'Ah, well,' in a tone of strong disgust, 'she is making her own bed, and must lie on it. It was an evil day for all of us when your father engaged Blake for his junior classical master. I wanted him to have Sowerby—Sowerby is the better man, and all his people are gentlefolks—but there is no turning the Doctor when he has got an idea in his head: no one but Blake would do. And now mischief has come of it. But, all the same, I won't have you making yourself ill about it—remember that, my love. You have got me to think about, and I don't choose to have my wife spoiling her eyes after this fashion. It is too damp for you to go out, for there has been a sharp shower or two; but I have half an hour to spare, and can read to you if you like.' And to this Geraldine gratefully assented.
It may be doubted whether she heard much of the brilliant essay that Mr. Harcourt had selected for her delectation, but it was very soothing to lie there and listen to her husband's voice. The sentences grew involved presently, and there was a humming, as though of bees, in the quiet room. Mr. Harcourt smiled to himself as he went on reading—the sleep would do her more good than the essay, he thought; and in this he was right.

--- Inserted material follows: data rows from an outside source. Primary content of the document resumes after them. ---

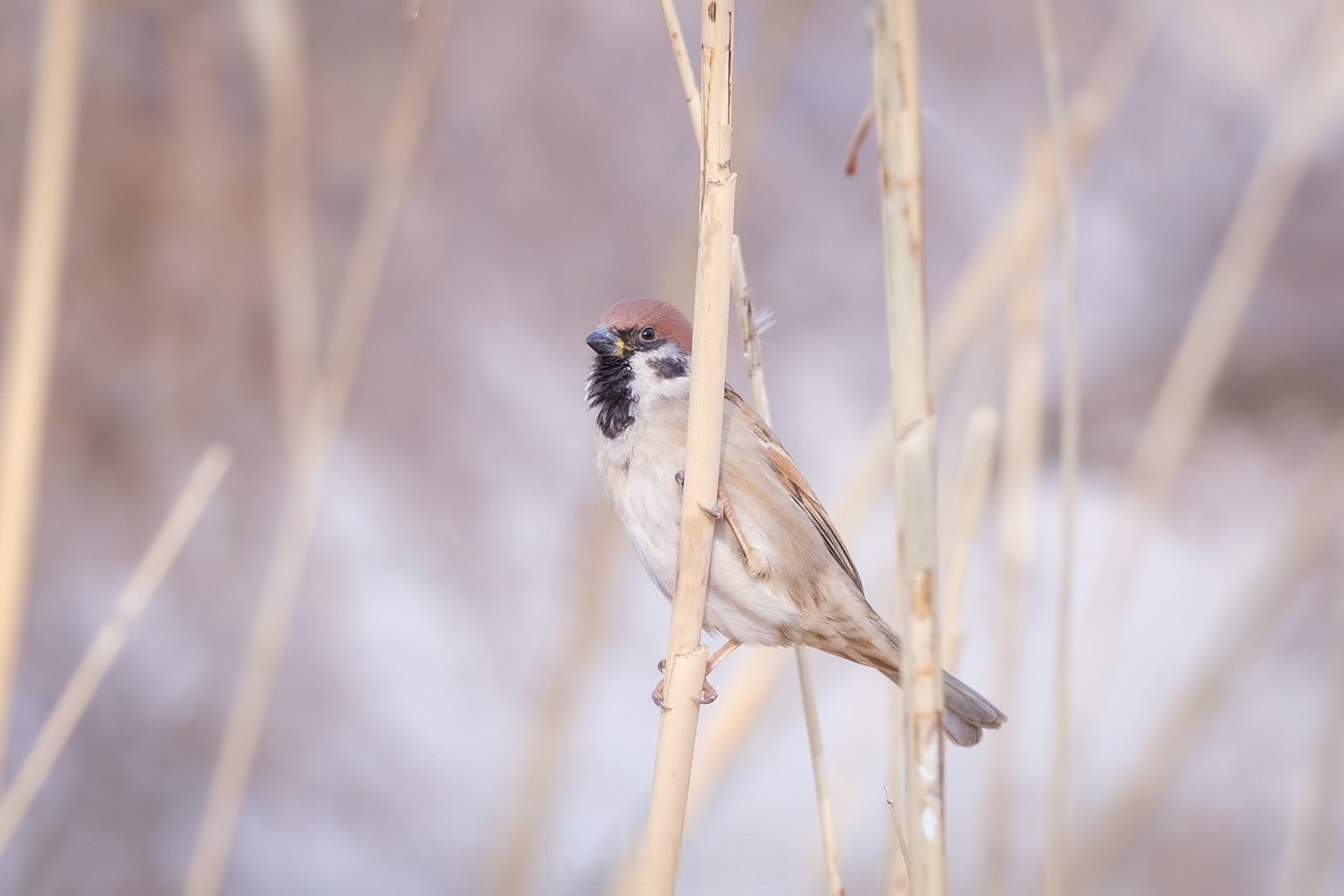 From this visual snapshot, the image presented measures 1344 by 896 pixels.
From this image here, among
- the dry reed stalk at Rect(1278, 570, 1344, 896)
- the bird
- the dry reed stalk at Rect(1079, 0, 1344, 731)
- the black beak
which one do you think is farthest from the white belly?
the dry reed stalk at Rect(1278, 570, 1344, 896)

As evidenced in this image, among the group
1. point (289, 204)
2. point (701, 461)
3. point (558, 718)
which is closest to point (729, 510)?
point (558, 718)

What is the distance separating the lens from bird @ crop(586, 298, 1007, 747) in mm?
1375

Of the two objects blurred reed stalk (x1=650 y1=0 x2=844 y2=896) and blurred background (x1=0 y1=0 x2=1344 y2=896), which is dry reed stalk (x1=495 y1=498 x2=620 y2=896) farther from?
blurred background (x1=0 y1=0 x2=1344 y2=896)

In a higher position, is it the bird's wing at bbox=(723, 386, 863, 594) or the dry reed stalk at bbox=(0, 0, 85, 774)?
the bird's wing at bbox=(723, 386, 863, 594)

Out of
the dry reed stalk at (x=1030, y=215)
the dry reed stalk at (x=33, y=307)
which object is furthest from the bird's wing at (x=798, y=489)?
the dry reed stalk at (x=33, y=307)

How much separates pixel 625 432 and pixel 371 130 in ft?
7.19

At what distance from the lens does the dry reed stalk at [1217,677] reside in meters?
1.43

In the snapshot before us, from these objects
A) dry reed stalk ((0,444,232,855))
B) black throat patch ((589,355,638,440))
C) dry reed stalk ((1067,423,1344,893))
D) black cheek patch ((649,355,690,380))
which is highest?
black cheek patch ((649,355,690,380))

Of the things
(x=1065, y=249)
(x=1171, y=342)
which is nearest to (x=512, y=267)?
(x=1171, y=342)

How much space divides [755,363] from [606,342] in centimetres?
45

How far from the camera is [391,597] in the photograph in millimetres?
3135

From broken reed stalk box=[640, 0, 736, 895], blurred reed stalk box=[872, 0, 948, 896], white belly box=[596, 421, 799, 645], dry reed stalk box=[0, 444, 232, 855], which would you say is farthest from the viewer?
white belly box=[596, 421, 799, 645]

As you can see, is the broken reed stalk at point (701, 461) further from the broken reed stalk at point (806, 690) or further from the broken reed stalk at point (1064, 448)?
the broken reed stalk at point (1064, 448)

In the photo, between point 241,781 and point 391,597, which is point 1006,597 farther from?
point 391,597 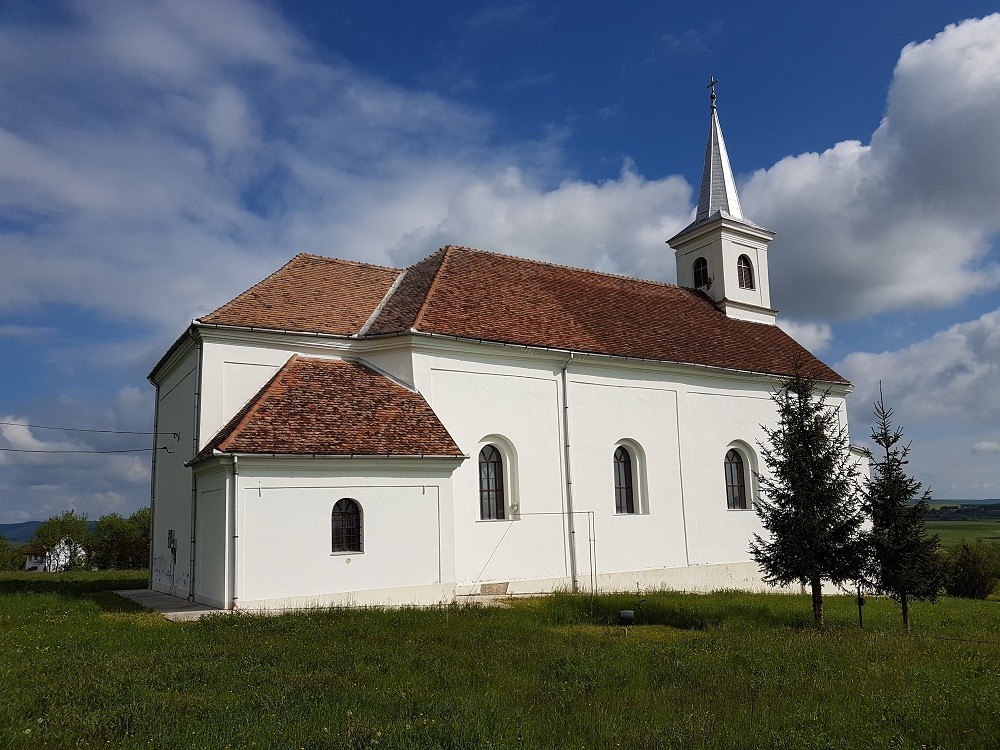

When Mrs. Ross received her daughter's message she at once prepared to go up to Hillside, and spent the remainder of the afternoon there.
Geraldine had awakened from her nap much refreshed, and was disposed to take a less lugubrious view of things. She was certainly somewhat depressing at first, and her mother found her implied reproaches somewhat hard to bear; but she was still too languid and subdued to speak with her usual decision.
'I suppose that we shall have to make the best of it,' she observed presently, in a resigned tone of voice. 'It will always be a great trouble to me—but one must expect trouble in this world, as I said to Percy just now. I am afraid we have been too happy.'
'Oh, my dear! you must not say such things.'
'It is better to say them than to think them. Percy never minds how much I complain to him, if I will only not brood over worries by myself. He says that it is so bad for me.'
'Percival is quite right, my love;' and Mrs. Ross looked anxiously at her daughter's pale face. 'But you know your one duty is to keep yourself cheerful. Try and put all this away from your mind, and leave Audrey to be happy in her own way. Mr. Blake is really a very nice lovable fellow, and I am quite fond of him already, and so is your father—and I am sure your father is a good judge of character.'
'Yes, mother dear; and you must not think Percy and I mean to be tiresome and disagreeable. It is not the young man so much that we mind—though we shall always think Audrey is lowering herself in marrying him—but it is that odious Mrs. Blake.'
Then, for the moment, Mrs. Ross felt herself uncomfortable. Mrs. Blake had called on her that very morning, while Audrey was at Hillside, and in spite of her mildness and toleration she had been obliged to confess to herself that Mrs. Blake's manners had not quite pleased her. Geraldine managed to extract the whole account of the interview, though Mrs. Ross gave it rather reluctantly.